Sommerski in Saas-Fee

Spitzensportler trainieren für Gold

In Saas-Fee liegt auch dann eine Menge Schnee, wenn die Unterländler genüsslich dem Sommer frönen. Darüber freuen sich nicht nur die Aktivurlauber, sondern auch die Ski- und Snowboard-Champions. Manch einer, der während der Olympiade und Weltcup-Saison auf dem Siegerpodest Bronze, Silber oder Gold feiert, hat sich zuvor in Saas-Fee fit trainiert. Damit die Trainings rundum gut gelingen, sorgt ein ganzes Team für die Präparierung der Pisten.

Die Möglichkeiten, die Saas-Fee im Frühling, Sommer und Herbst zum Trainieren für Ski- und Snowboard-Champions bietet, sind zu diesen Jahreszeiten in fast keiner anderen Nation zu finden. Das Wetter, die Aussicht und die Bedingungen sind herrlich. Die Weltbesten wie der Schweizer Skirennfahrer Beat Feuz oder der Norwegische Snowboarder Torstein Horgmo bringen sich in Saas-Fee in Form.

Weltcup-Bedingungen

Das Gelände auf dem Feengletscher ähnelt demjenigen des Alpinen Skiweltcups in Sölden. Es eignet sich daher ideal für die Simulation der Rennen.

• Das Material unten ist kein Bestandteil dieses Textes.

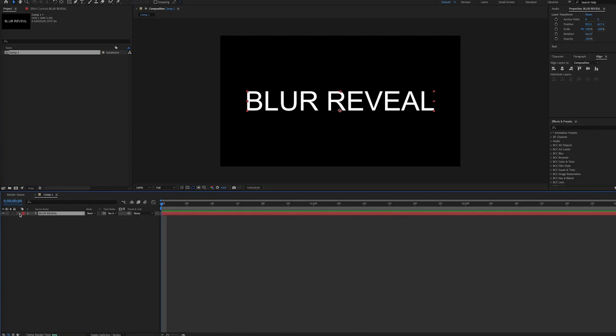Hello, this is Andy Ford Video, and we're going to look at a quick way to do a blur reveal for your text layer.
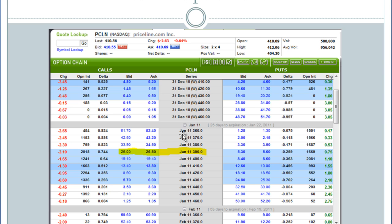So you have to understand that you're going to pay to play. To get that kind of delta on a stock that moves that much, you're going to have a more expensive option, and the spreads are going to be a little bit bigger.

Und auch im grossen Gebiet unter dem Allalinhorn wird rege trainiert: Mehrere Hänge für Slalom und Riesenslalom, zwei Abfahrtsstrecken mit Längen bis zu 1.9 km sowie Anlagen für Freeski und Snowboarder lassen die Herzen der Cracks höher schlagen.

Von der Trainingspiste zum Weltcup-Sieg

Die Teams, die in Saas-Fee trainieren, sind internationaler Herkunft. Den Schweizerteams werden jedoch gewisse Heimvorteile gewährt: Sie dürfen am Morgen als Erste auf den Hang. Die Sportlerinnen und Sportler gelangen mit Sonderfahrten der Metro Alpin auf den Gletscher und legen bereits kurz nach 6 Uhr schon los. Meistens sind die Gletschertrainings am Mittag beendet. Und ein paar Wochen später, wenn die Weltcup-Saison ab Ende November/Anfang Dezember Schwung aufnimmt, haben viele Profis, die zuvor auf der Piste in Saas-Fee zu sehen waren, ihren Auftritt in der Siegerkategorie am Fernsehen.

Makellose Hänge & Pisten

Die Starts der höchsten Pisten befinden sich auf knapp 3'500 Metern über Meer. Der Pisten-Rettungschef und die Pistenteams sind täglich mehrere Stunden im Einsatz, um für sichere und optimal präparierte Verhältnisse zu sorgen. Dies ist mit einer grossen Verantwortung verbunden, denn die Sportler rasen wie beim Weltcup mit 120 km/h über den Schnee. Eine Abfahrtspiste muss frei sein von Wellen. Zudem darf sie an keinem Unfall mitschuldig sein – dies zählt zum Berufsstolz.

Sommerski auch für Aktivurlauber

Die Abfahrten im Allalingebiet sind im Frühling, Sommer und Herbst übrigens auch für «normale» Touristen geöffnet. Manchmal treffen in diesen Höhen die Stars und die Akivurlauber aufeinander. Die Pisten werden sowohl für Weltcup- wie auch für Genussfahrer optimal präpariert. Manchmal kommt es vor, dass der Neuschnee entfernt wird, damit die betreffende Piste für die Profi-Teams hart bleibt.